(Scraped caption text data)
- - - -
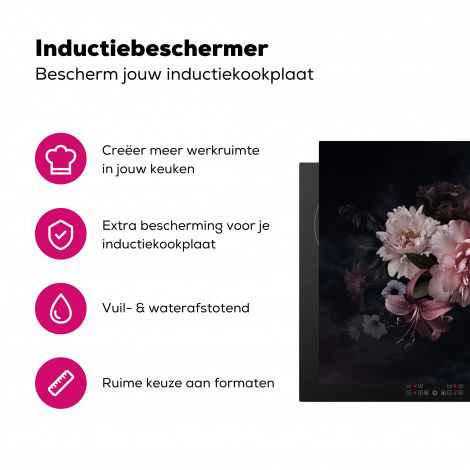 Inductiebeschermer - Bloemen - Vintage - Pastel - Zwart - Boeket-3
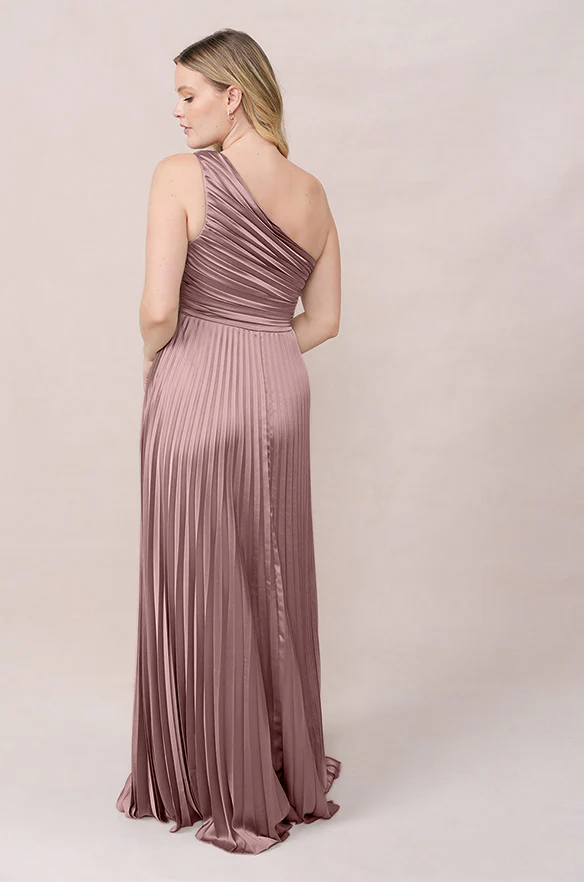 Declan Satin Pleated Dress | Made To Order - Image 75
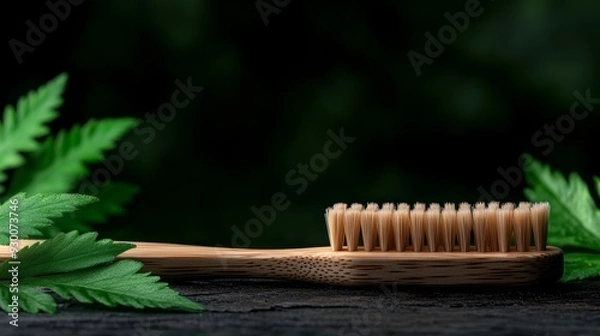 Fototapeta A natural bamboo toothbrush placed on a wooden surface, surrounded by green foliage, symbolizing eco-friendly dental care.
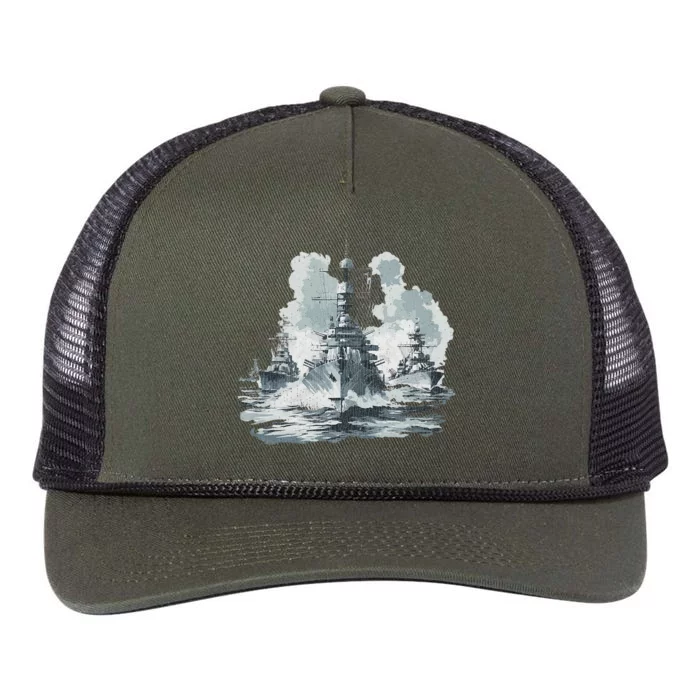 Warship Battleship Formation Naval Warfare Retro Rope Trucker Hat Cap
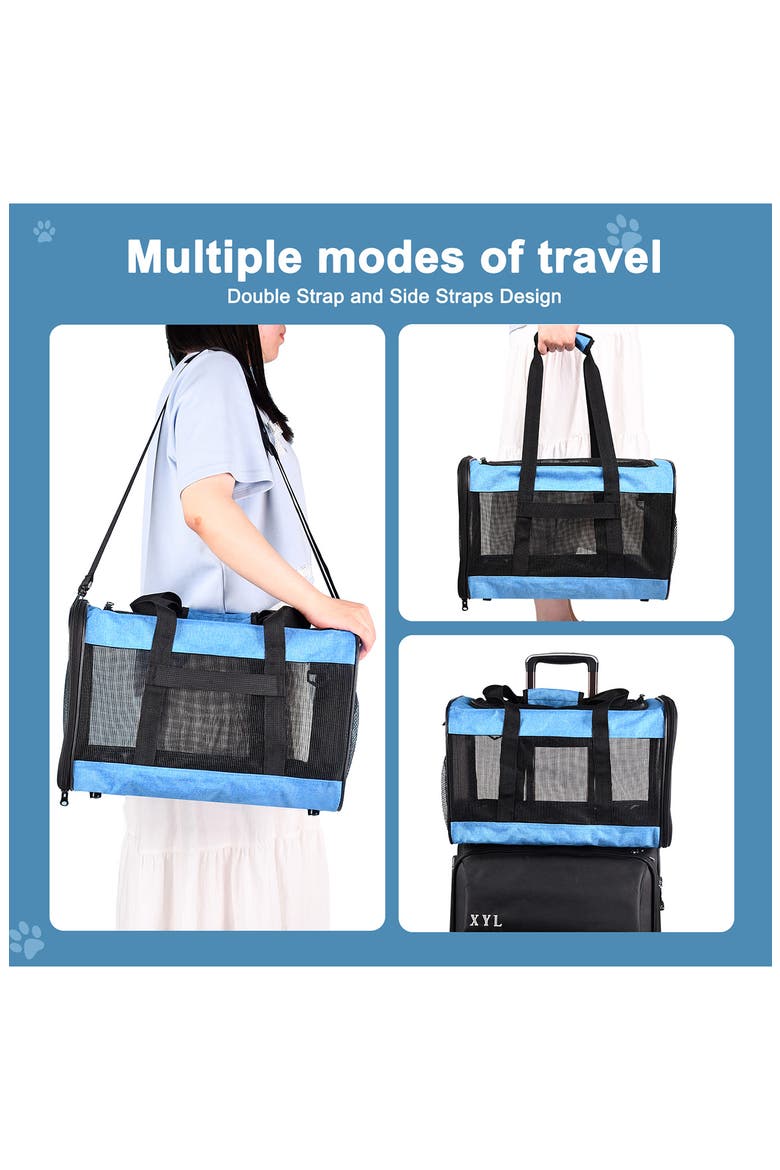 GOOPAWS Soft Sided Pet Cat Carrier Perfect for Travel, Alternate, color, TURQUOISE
- - - -
> Assignment
Retype all entries exactly, without the images.

> Output for this exercise
 Inductiebeschermer - Bloemen - Vintage - Pastel - Zwart - Boeket-3
 Declan Satin Pleated Dress | Made To Order - Image 75
 Fototapeta A natural bamboo toothbrush placed on a wooden surface, surrounded by green foliage, symbolizing eco-friendly dental care.
 Warship Battleship Formation Naval Warfare Retro Rope Trucker Hat Cap
 GOOPAWS Soft Sided Pet Cat Carrier Perfect for Travel, Alternate, color, TURQUOISE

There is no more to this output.